Serious conversations about the conflicting narratives of the past are a necessary condition for sustainable peace. Reconciliation – whether within Assam or with New Delhi – cannot be achieved with a ceasefire agreement, an arms surrender ceremony or a peace accord. It must include changes in the way we understand our own nation or nationality. And that is more than just a matter of ‘inserting a paragraph in a history book; to accept the ignored history of abuse means that one’s national pride must be nuanced, with its points of pride balanced with shame.’
12SANJIB BARUAH
Footnotes:
1. ‘Assam has Lead Role in Look East Effort: PM’, The Hindu, 20 April 2012.
2. Giriraj Bhattacharjee, ‘Assam: Witches Brew in BTAD’, South Asia Intelligence Review, South Asia Terrorism Portal, Weekly Assessments and Briefings, volume 11, no. 13, 1 October 2012.

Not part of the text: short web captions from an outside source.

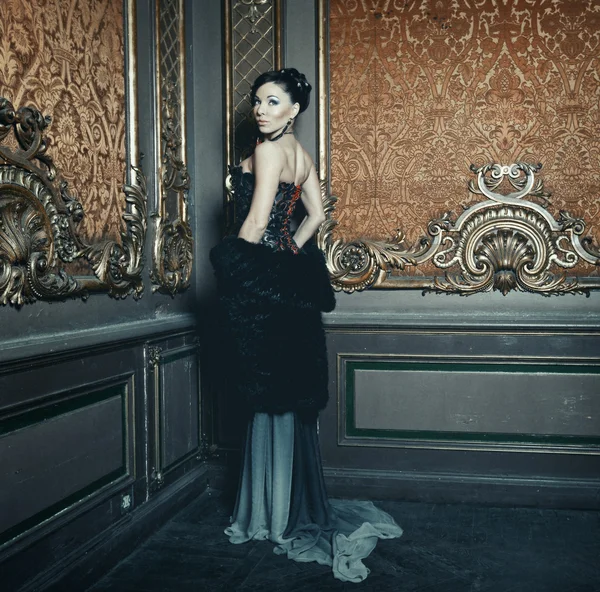 Junge schöne Frau steht im Palastzimmer — Stockfoto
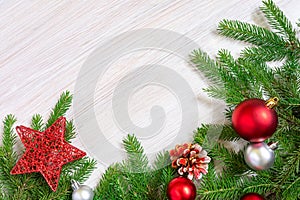 Christmas background. New year frame made of fir branches and red christmas toys on white wood board. Flat lay, Copy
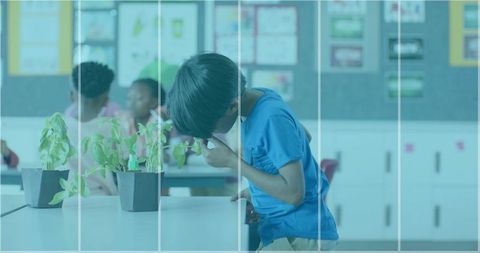 Leaning boy wiping face with tissue in classroom near potted plants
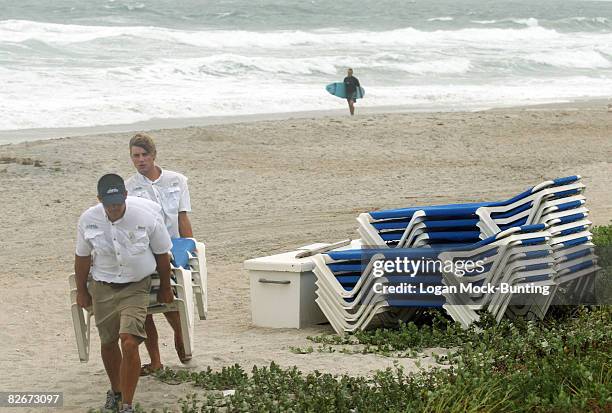Employees at the Blockade Runner Hotel remove outdoor furniture in preparation for winds and rains anticipated with the arrival of Tropical Storm...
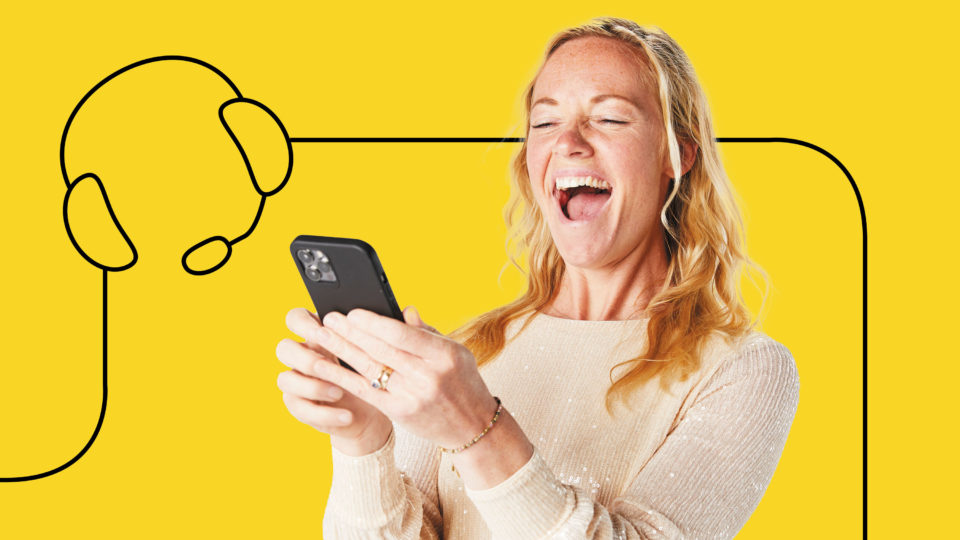 a lady laughing whilst she holds a mobile phone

3. Sanjib Baruah, ‘Assam: Don’t Hold Your Breath’, Forbes India, 2 May 2011. http://forbesindia.com/article/special/assam-dont-hold-your-breath/24462/1
4. Nandini Sundar, ‘Interning Insurgent Populations: the Buried Histories of Indian Democracy.’ Paper presented at the Agrarian Studies Colloquium, Yale University, 3 April 2009.
5. Nari Rustomji, Imperilled Frontiers: India’s North-Eastern Borderlands. Oxford University Press, New Delhi, 1983, pp. 31-32.
6. Charles Taylor, ‘The Politics of Recognition’ in Amy Gutman (ed.), Multiculturalism: Examining the Politics of Recognition. Princeton University Press, Princeton, 1994, p. 33.
7. Eviatar Zerubavel cited in Jeff Spinner-Halev, ‘From Historical to Enduring Injustice’, Political Theory 35(5), October 2007, p. 580.
8. Bodhisattva Kar, ‘Welsh’s Fallacy: A Note on the Problematic of Sovereignty in Northeastern India,’ Unpublished paper.
9. Sanghamitra Misra, Becoming a Borderland: The Politics of Space and Identity in Colonial Northeastern India. Routledge, New Delhi, 2011, p. 197.
10. Ibid., p. 166.
11. Jayeeta Sharma, Empire’s Garden: Assam and the Making of India. Duke University Press, Durham, 2011, pp. 9-11, 196.
12. Spinner-Halev op cit., ‘From Historical to Enduring Injustice’, p. 584.